[Start of Attachment]

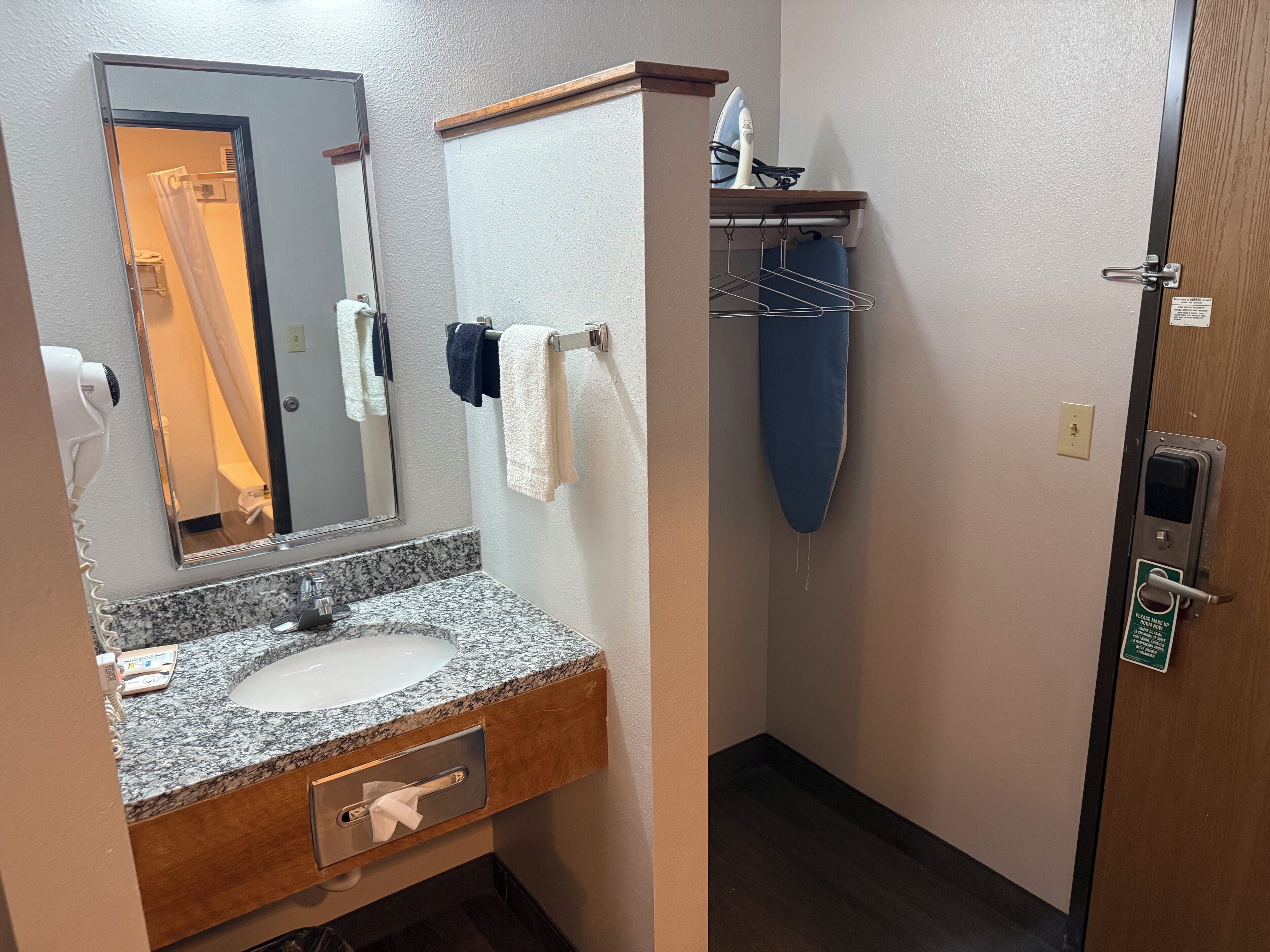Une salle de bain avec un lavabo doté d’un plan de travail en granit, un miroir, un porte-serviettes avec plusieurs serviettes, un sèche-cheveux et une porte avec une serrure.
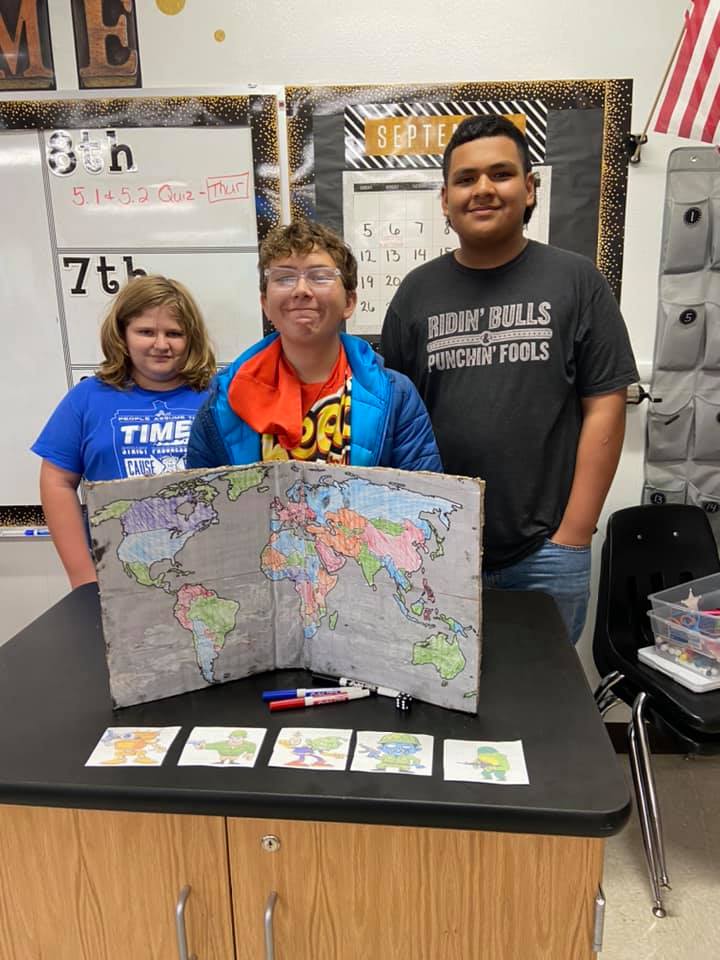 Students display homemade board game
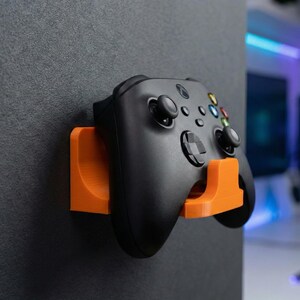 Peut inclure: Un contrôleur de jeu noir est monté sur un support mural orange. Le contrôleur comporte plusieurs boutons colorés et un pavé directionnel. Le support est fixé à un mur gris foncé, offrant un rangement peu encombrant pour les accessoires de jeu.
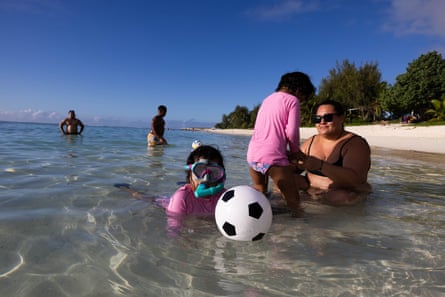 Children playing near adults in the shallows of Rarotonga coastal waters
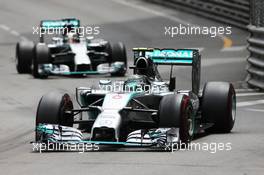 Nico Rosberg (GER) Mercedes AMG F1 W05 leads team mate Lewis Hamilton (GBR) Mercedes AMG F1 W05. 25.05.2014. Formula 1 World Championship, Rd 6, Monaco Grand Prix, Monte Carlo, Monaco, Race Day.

[End of Attachment]

▶ **Your task**: Output exactly the span of lines from the top of the listing through the line holding "Students display homemade board game", and leave every picture out.

▶ **Task response**:
Une salle de bain avec un lavabo doté d’un plan de travail en granit, un miroir, un porte-serviettes avec plusieurs serviettes, un sèche-cheveux et une porte avec une serrure.
 Students display homemade board game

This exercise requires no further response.